### Provided material
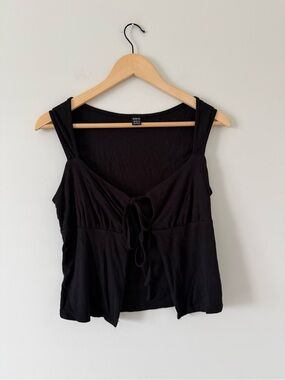 Black Tie-Front Sleeveless Tank Top (size medium)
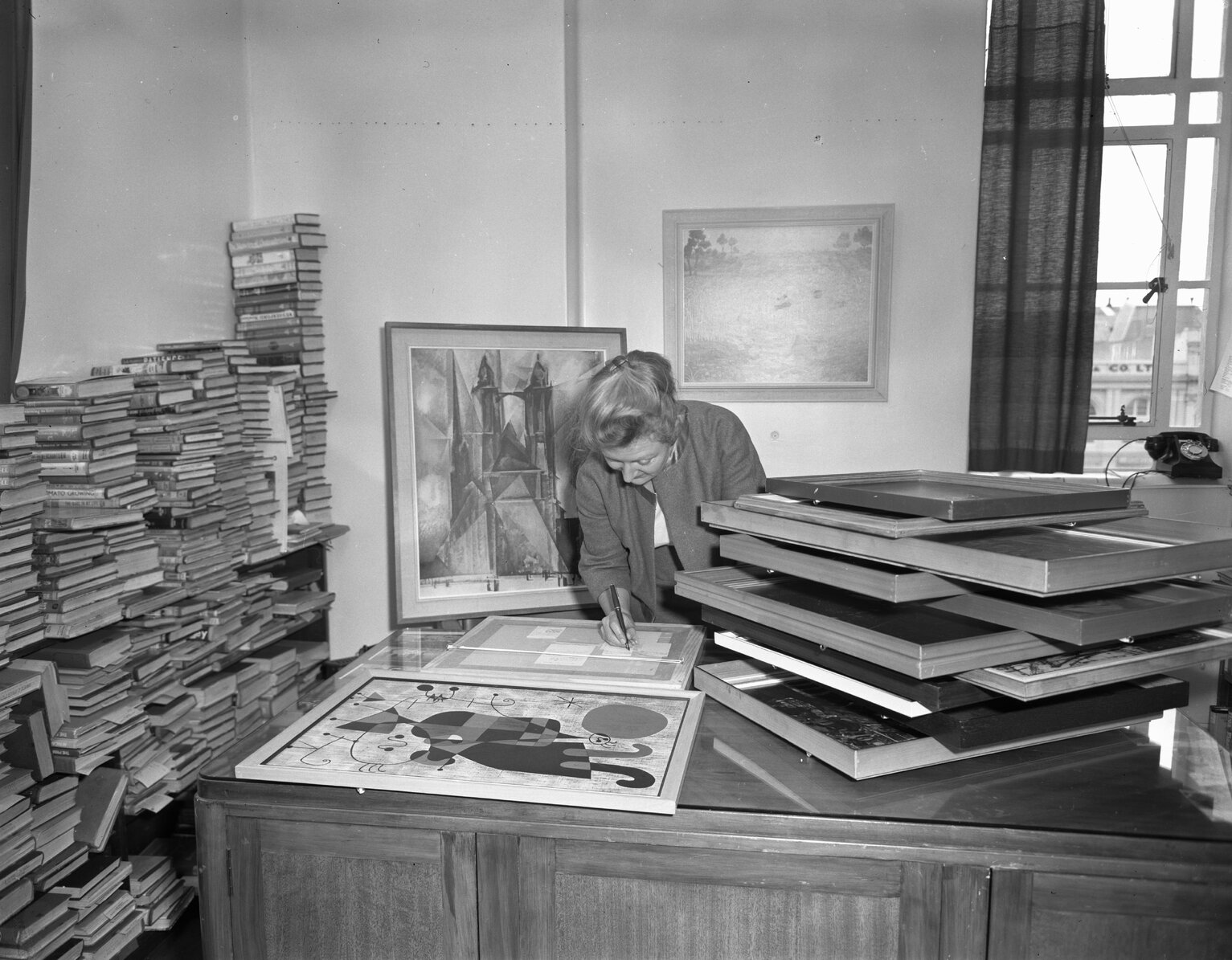 Wellington Public Library: processing pictures for loan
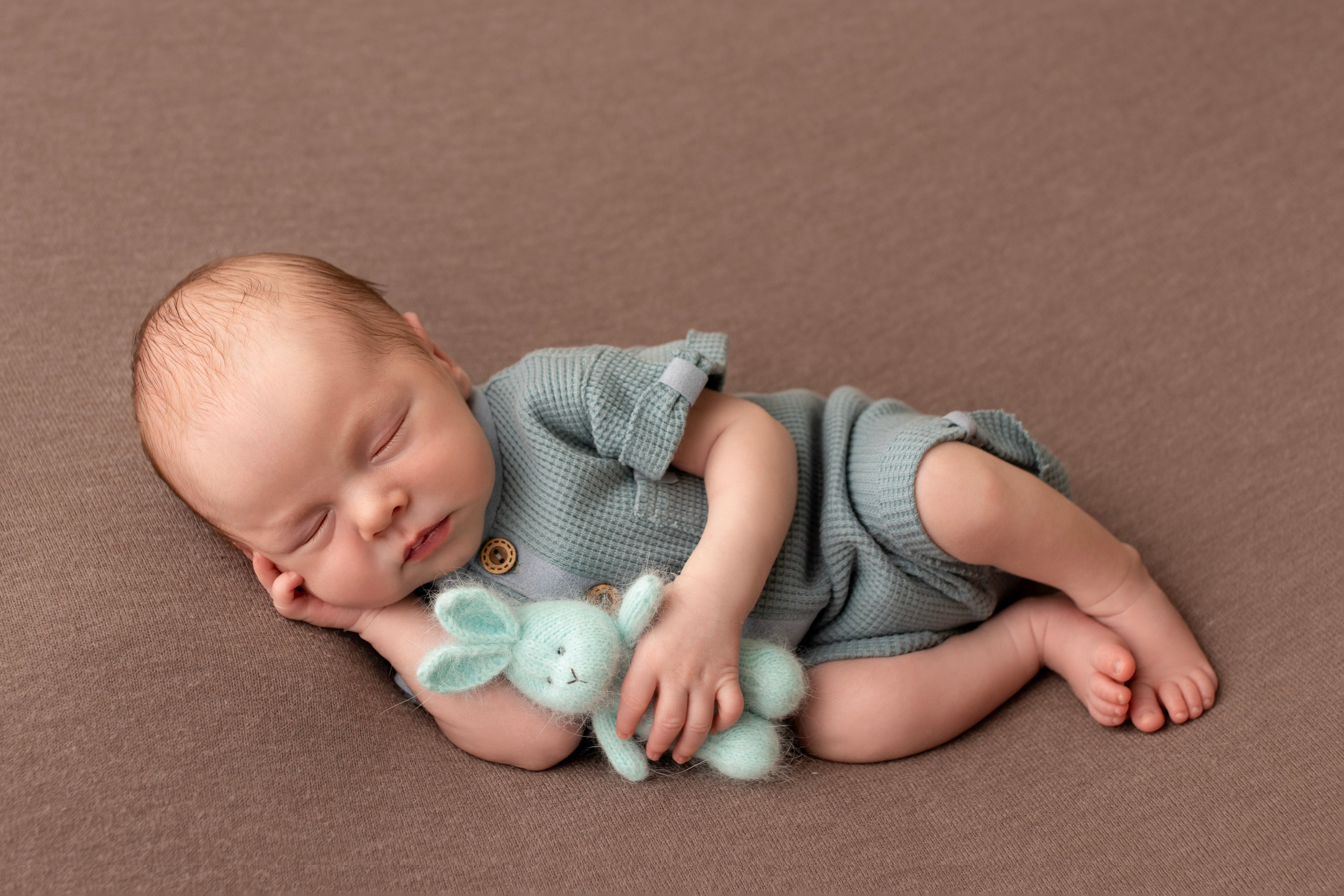 Фотограф новорождённых в Санкт-Петербурге Лилия Яковлева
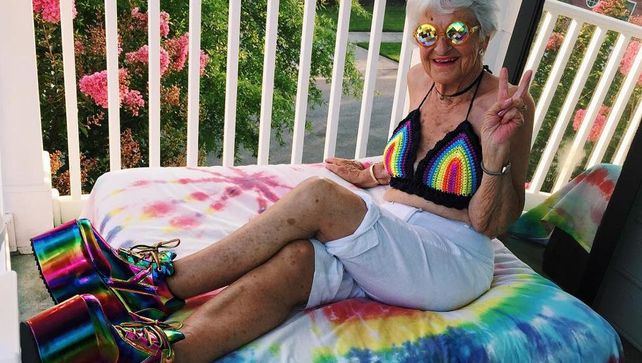 La triste historia que esconde la abuela más famosa y extravagante de Instagram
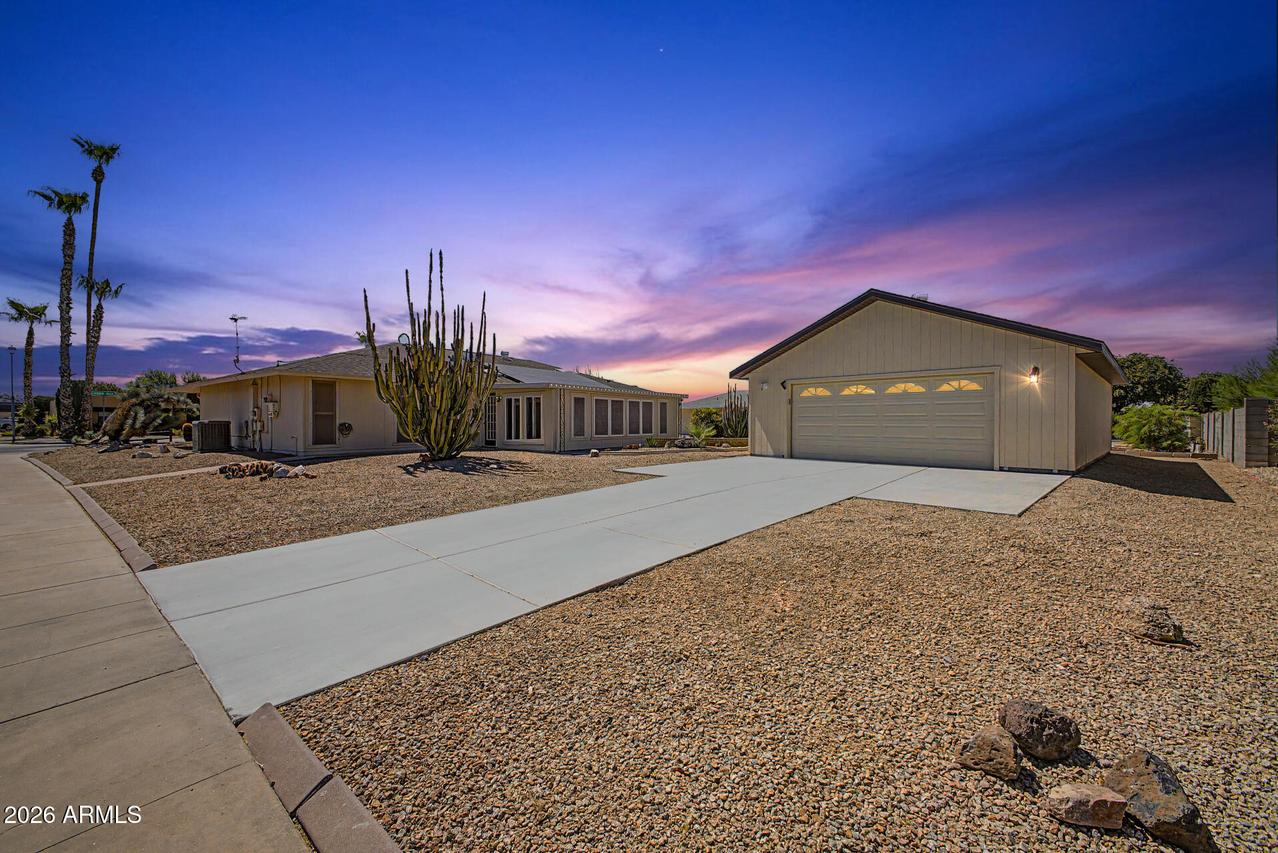 16810 N 110th Ave., Sun City, AZ 85351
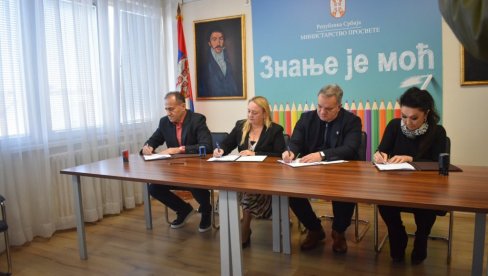 STANKOVIĆ I SINDIKATI POTPISALI SPORAZUM: Bolji uslovi rada zaposlenih u predškolskim ustanovama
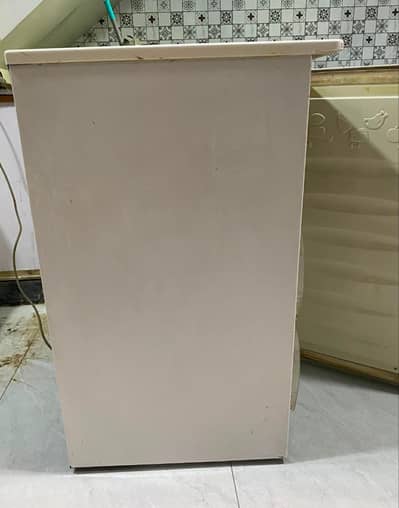 Esquire brand imported cabint freezer small size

### What you have to do
Please output every entry exactly as written, apart from the pictures.

### The completed task
 Black Tie-Front Sleeveless Tank Top (size medium)
 Wellington Public Library: processing pictures for loan
 Фотограф новорождённых в Санкт-Петербурге Лилия Яковлева
 La triste historia que esconde la abuela más famosa y extravagante de Instagram
 16810 N 110th Ave., Sun City, AZ 85351
 STANKOVIĆ I SINDIKATI POTPISALI SPORAZUM: Bolji uslovi rada zaposlenih u predškolskim ustanovama
 Esquire brand imported cabint freezer small size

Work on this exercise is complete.